Previous works underline how emergency and evacuation choices could lead people to additional hazardous conditions, thus affecting the overall number of casualties. Hence, reliable risk-analysis tools are needed to provide suitable design solutions for resilient cities, in view of the rising number of floods in recent years. To achieve these goals, experimentally-based behavioral investigation are performed using both analysis of real-world event data and laboratory experiments. The main outcome is the development of flood-evacuation models, characterized by feasibility and reduced approximations/simplifications.
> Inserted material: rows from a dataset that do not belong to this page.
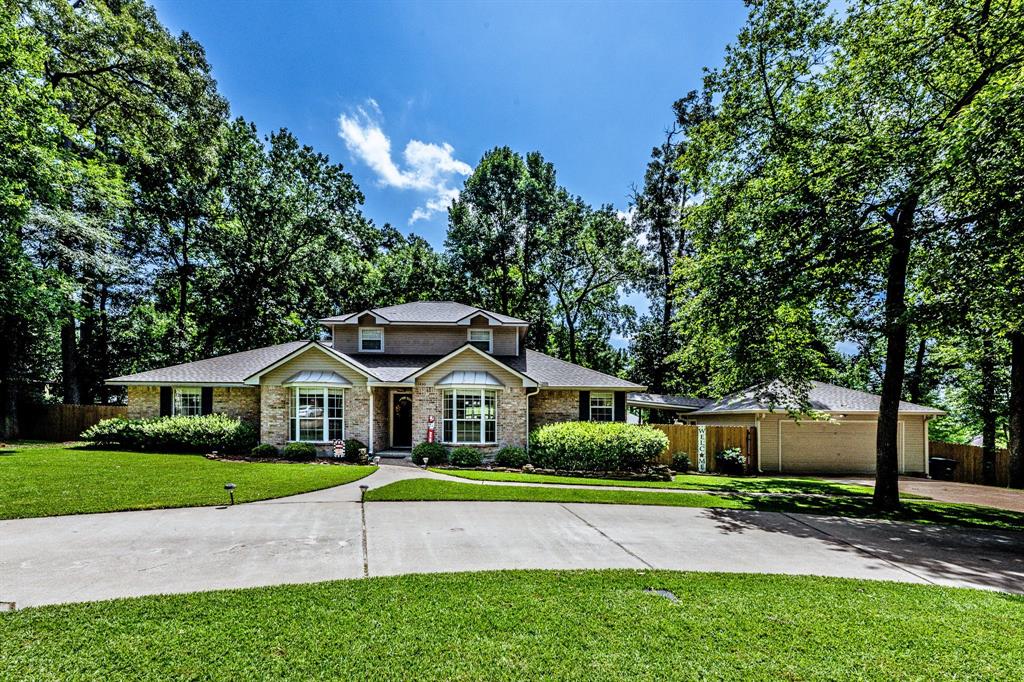 1430 River Oaks Drive, Huntsville, Texas image 1
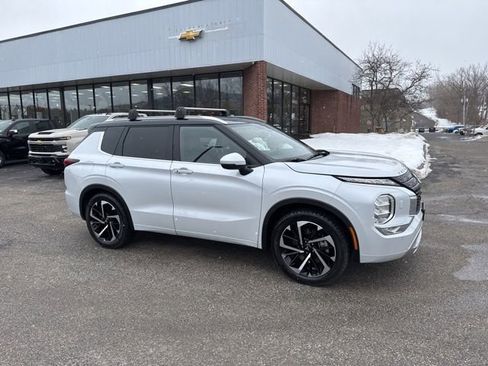 Used 2024 Mitsubishi Outlander SEL image 5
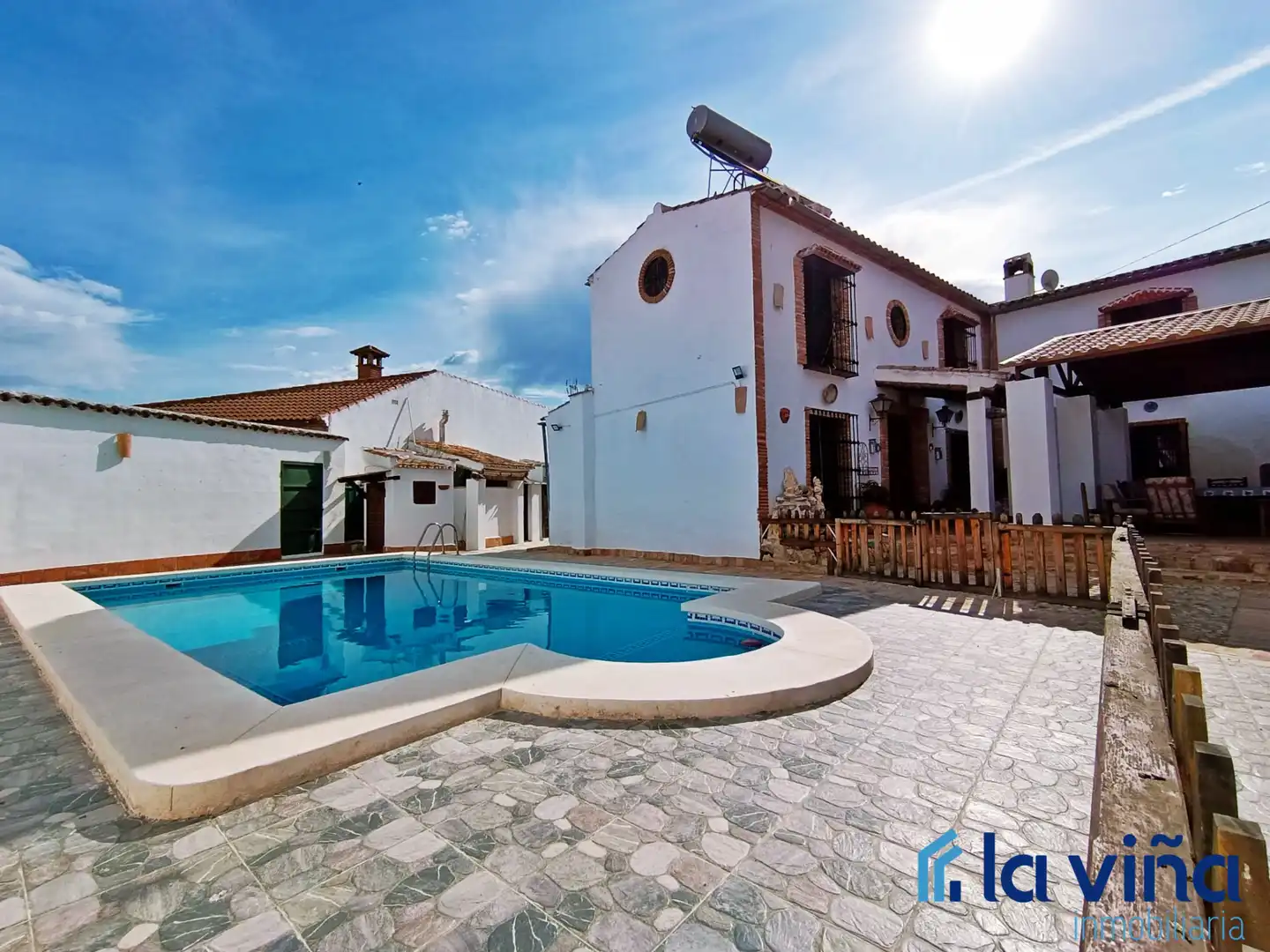 Vista exterior de Finca rústica en venda en Fuente de Piedra amb Terrassa, Traster i Piscina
Evacuation simulators representing man-man and man-environment interactions could play a key role in a more comprehensive evaluation of individuals’ safety [1]. Although recent efforts in supplying analysis of evacuation behavior allowed to trace different simulation-model schemes, focusing also on qualitative analysis of human reactions in real-world emergencies, experiments for the description of human motion in floodwater conditions need to be investigated in more depth.

The currently limited investigation of the relation between evacuees’ motion speed and flood features has mainly evidenced how stream depth and speed affect the evacuation. Additionally, previous works dealt with human body stability during floods (mainly affecting sliding and toppling) by means of experiments with volunteers, mannequins or using theoretical models.

However, additional investigations are needed to develop more accurate simulation models. To this aim, this work provides preliminary results on the relationship between flood features (water depth and speed) and individual’s motion. Pedestrian’s speed in floodwaters is evaluated by means of experiments in which volunteers have been requested to walk in an artificial channel where flooding conditions are reproduced. Results show that speed differences exist, due to different physical factors (e.g., gender, age, height). Stability loss is tested by exploiting a mannequin representing the human body. Relationships between such factors may be used for the development of evacuation simulators aimed at both assessing critical urban conditions and evaluating the effectiveness of risk-reduction strategies.

[1] Bernardini, G., Postacchini, M., Quagliarini, E., Brocchini, M., Cianca, C., D`Orazio, M. (2017). Environmental Modelling & Software, 96, 14-29.